Story of a successful migration to Google Cloud Platform
For people who started their company on a cloud platform since day 1, what you’ll read below will sometimes look obvious or even funny. Anyway, a lot of startups or more established companies still rely on classic bare-metal servers infrastructure. For all of them, we hope it’ll help think about migrating to a cloud platform.
MeilleursAgents is a real estate platform which provides high quality information on the french real estate market. We act as a powerful catalyst by matching people with a project (eg. buy / sell / rent / invest) with the best real estate agencies for their needs.
When we first thought about moving our infrastructure to a cloud platform, we were just in the middle of raising new funds and had a lot of features to deliver.
However, we thought it was exactly the right time to prepare ourselves to speed up our pace of product innovation.
Servers were getting old and we were facing huge delays to get new ones (a couple of weeks to say the least). Improving your infrastructure in that context is quite improductive. In a cloud world, we just felt like living 20 years back in time.
We had no devOps skills in-house and knew we had to find help to successfully tackle this big challenge.
As a first step and before diving into the migration, we defined a few principles to rely on. We think they can help other people facing the same challenges.
- Define an aggressive deadline to prioritize: 4 months in our case. Trust us, it is quite a challenge but it will help you avoid a never-ending project.
- Corollary: don’t change too much. Migrate the infrastructure “AS IS” then refactor it when you’ve landed. It means that your infrastructure, once migrated, will not be perfect. But you’ll have time to improve it afterward.
- Follow infrastructure as code* principles (see “Infrastructure as code & on-click deployment” chapter below) and automate everything you can.
- Build a mixed team (this one highly depends on which skills you have in your team). As we were lacking devOps skills, we teamed up with a Google Cloud Platform partner in France (Skale-5) to help us implement automation best practices and learn Google Cloud Platform. Since we wanted to go fast, 1 of our senior engineer and the CTO were dedicated full time to the project to ensure that every aspect of our tech stack and infrastructure would be taken into account.

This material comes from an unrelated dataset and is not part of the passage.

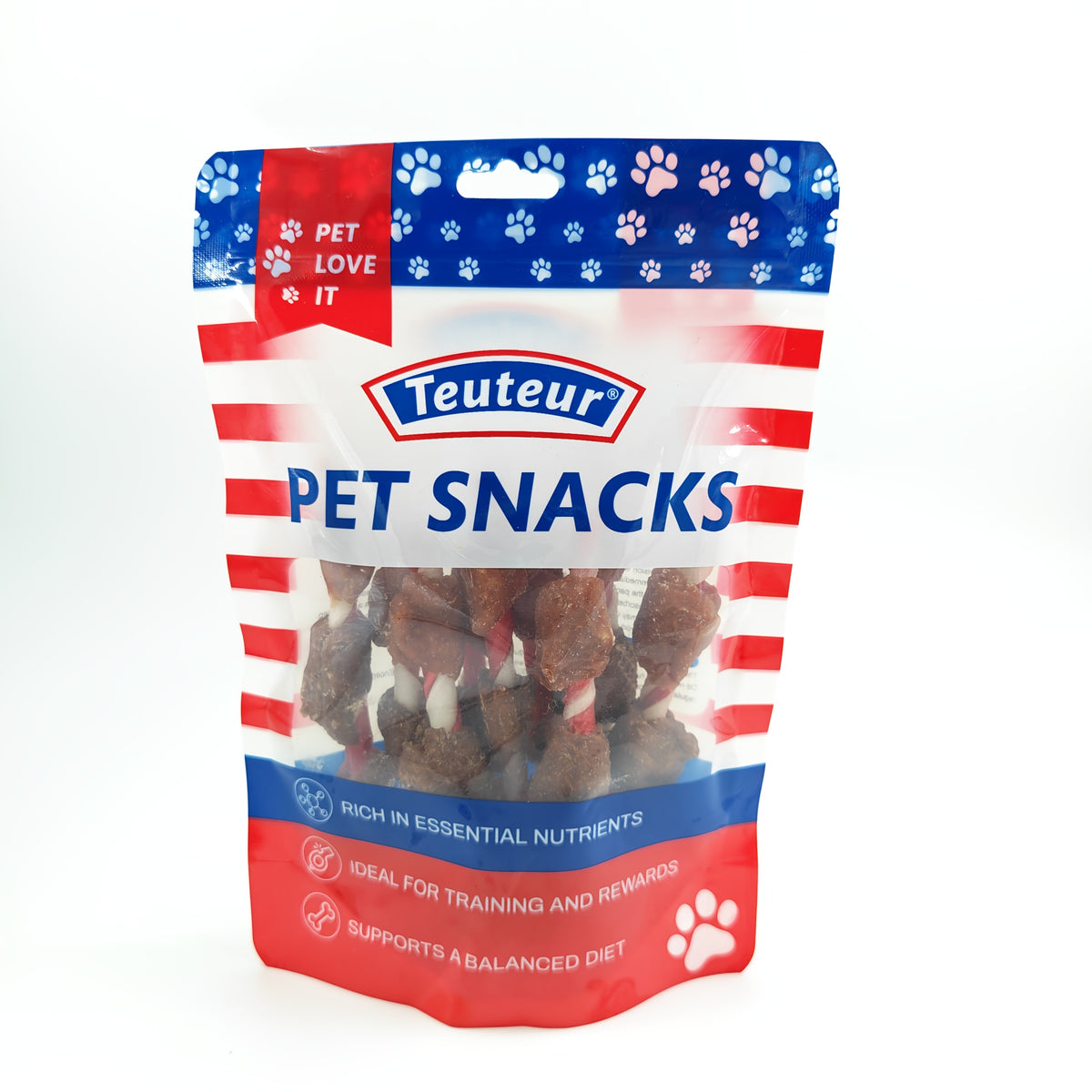 Mixed Dog Treat Combo Packs with Chicken and Duck, Beef Stick and Skewer Options, Different Pack Sizes for Supervised Rewards and Snack Time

- Involve top management: weekly reports are enough, and even if very technical, you need to share every key aspect of your project, including risks and potential impacts on team velocity.
Choosing the right platform
This really is the easiest part of the project.

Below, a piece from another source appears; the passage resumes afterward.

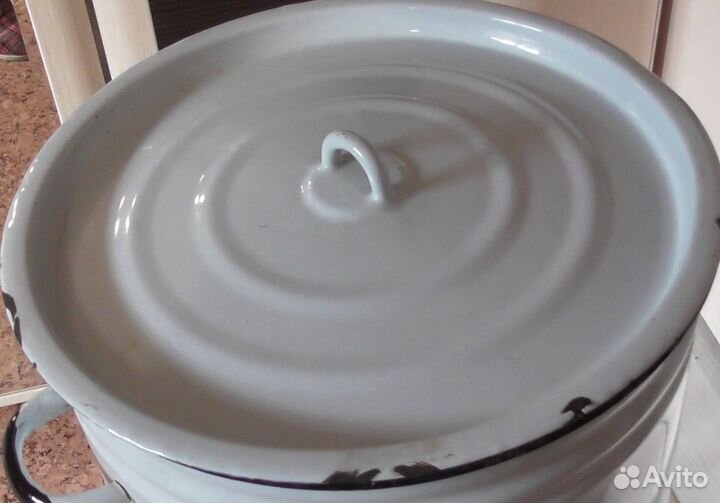 Бак эмалированный 28 л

Our goal isn’t to compare GCP to AWS or Microsoft Azure to name a few. They are quite solid platforms and you’ll find tons of very detailed materials to help you find out which one better suits you.
Anyway, as we decided to go for Google Cloud Platform, here are a few reasons we thought it was the right choice for us:
- Services catalog was easy to understand and really well adapted to our needs.
- Great feedbacks from similar startups already hosted on GCP.
- Google Tech Team & their partners made a great first impression: they understood our context and were quite helpful to map our infrastructure to GCP services.
Defining a clear migration scope
An AS IS migration (well, almost)
At first, you’ll want to change everything. If it is intellectually seducing, it is also quite risky.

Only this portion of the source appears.